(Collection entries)
⁂

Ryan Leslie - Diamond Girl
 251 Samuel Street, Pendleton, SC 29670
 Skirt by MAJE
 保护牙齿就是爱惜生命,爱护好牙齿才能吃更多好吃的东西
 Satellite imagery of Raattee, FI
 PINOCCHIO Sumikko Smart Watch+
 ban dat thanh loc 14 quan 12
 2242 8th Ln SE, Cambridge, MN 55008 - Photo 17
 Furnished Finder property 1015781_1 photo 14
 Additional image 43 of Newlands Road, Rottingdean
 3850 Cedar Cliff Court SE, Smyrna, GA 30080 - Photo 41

⁂

To do. For each line in the data, set it down again exactly.

Expected answer.
Ryan Leslie - Diamond Girl
 251 Samuel Street, Pendleton, SC 29670
 Skirt by MAJE
 保护牙齿就是爱惜生命,爱护好牙齿才能吃更多好吃的东西
 Satellite imagery of Raattee, FI
 PINOCCHIO Sumikko Smart Watch+
 ban dat thanh loc 14 quan 12
 2242 8th Ln SE, Cambridge, MN 55008 - Photo 17
 Furnished Finder property 1015781_1 photo 14
 Additional image 43 of Newlands Road, Rottingdean
 3850 Cedar Cliff Court SE, Smyrna, GA 30080 - Photo 41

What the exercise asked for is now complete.